Le site commencera à être démantelé dès le premier semestre 2020. 24 à 36 mois de travaux. Assainissement en cours.

A l'arrêt depuis 2015, la raffinerie Tamoil commencera à être démontée dans moins d'un an.
A l'arrêt depuis 2015, la raffinerie Tamoil commencera à être démontée dans moins d'un an.
Chantal Dervey- Archives

«Nous allons commencer les travaux de démantèlement de la raffinerie Tamoil SA à Collombey (VS) à partir du premier semestre 2020», a annoncé Stéphane Trachsler, porte-parole de la société pétrolière, mardi matin à Monthey.
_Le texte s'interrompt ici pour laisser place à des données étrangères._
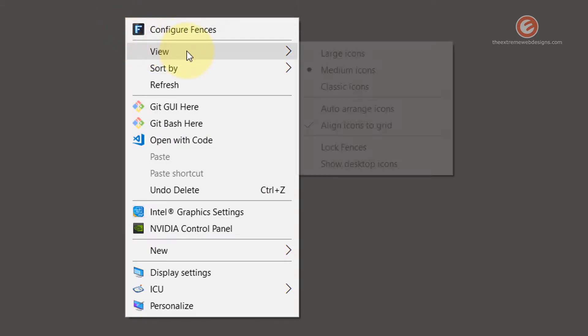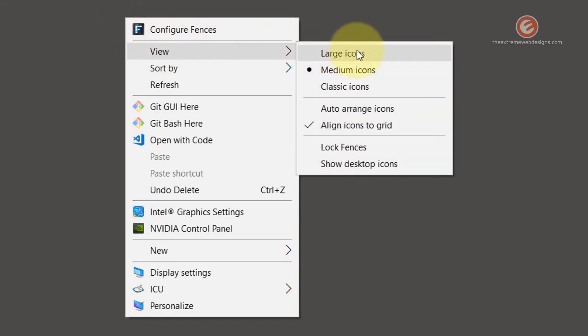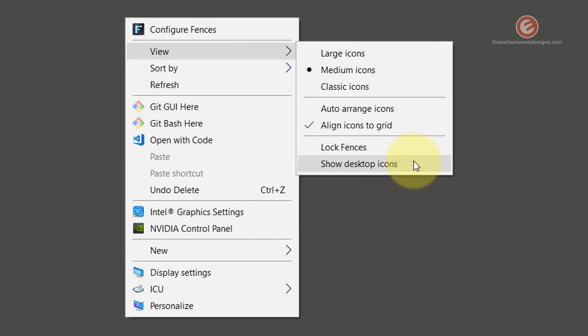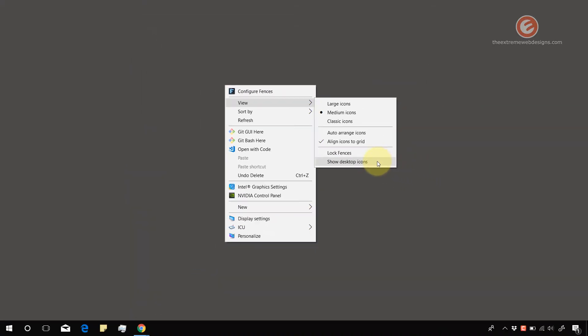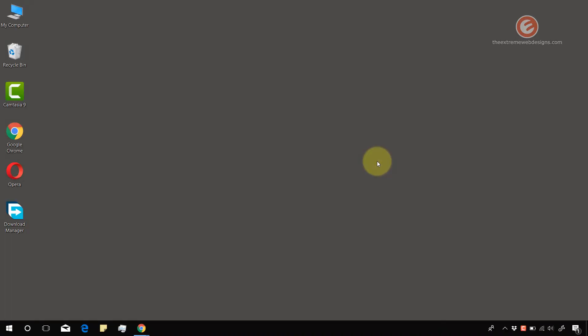To restore the icons on your desktop, simply right-click on the desktop, go to the View option, and then look for an option that says 'Show Desktop Icons' and simply click on that — it restores your desktop icons. That's how simple it is.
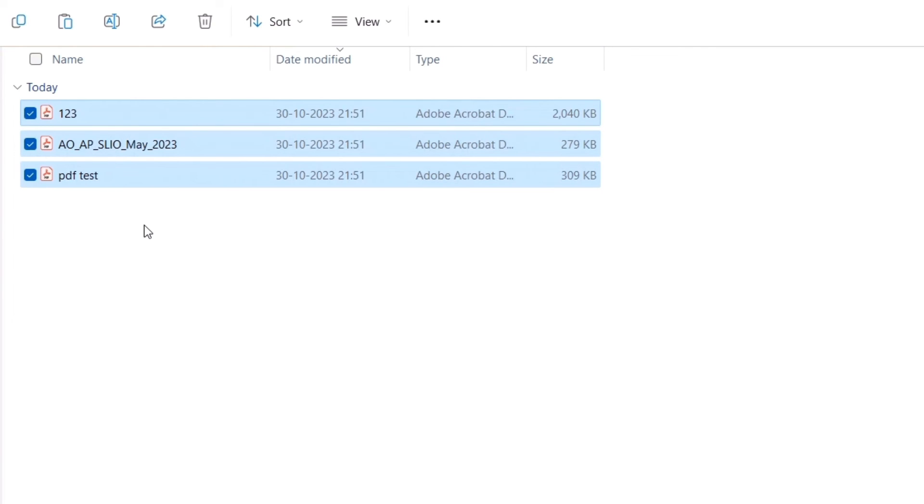So keep it in one folder, make it a zip file, and then simply attach it in your Gmail. Select the attach button, select that folder, that zip folder or archive folder, and send it to the person you want. This is how easy it is to send multiple PDF files as one attachment.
Il était présent avec le directeur du site Pierluigi Colombo lors de la présentation par le Canton du Valais du bilan des 10 ans de travaux d'assainissement des sites pollués sur tout le territoire-

Fermée depuis 2015, l'usine Tamoil, construite en 1961, ne reprendra donc pas son activité, alors que l'Etat avait fixé au début de 2020 la date limite pour une remise en service. L'option était privilégiée alors que toutes les installations ont été nettoyées et mises sous azote.

La déconstruction «va s'étendre sur une période comprise entre 24 et 36 mois», précise Pierluigi Colombo. Ce ne sont pas moins de 250 km d'acier, 54 réservoirs et 1200 unités qu'il faudra démonter.

Vente en partie?

Tamoil qui est la marque commerciale du hollandais Oilinvest garantira le financement de la démolition à hauteur de 10 millions de francs (qui concerne cuves et installation de raffinage, hormis les bâtiments administratifs), desquels elle pourra déduire une partie de la revente. Entre 10 et 20 sociétés ont demandé des dossiers ces dernières années en ce sens, mais apparemment aucune reprise du site n'a donc été menée à bien.

La direction imagine désormais vendre d'occasion des parties des installations, pour récupérer quelques millions de francs. «Surtout l'acier et l'unité de cracking très performante et relativement récente puisqu'elle date de 2004», poursuit Stéphane Trachsler.

L'assainissement a commencé

Sur les 120 hectares occupés par Tamoil à Collombey, l’assainissement a débuté cette année. Il concerne cinq surfaces d'environ 4 hectares (3% du site) de la parcelle propriété de Tamoil. Trois autres doivent être régulièrement contrôlées. Des tests sont menés tous les neuf mois.«Nous avons l'obligation de dépolluer avant 2028, mais nous espérons y parvenir d'ici 2023», conclut Pierluigi Colombo.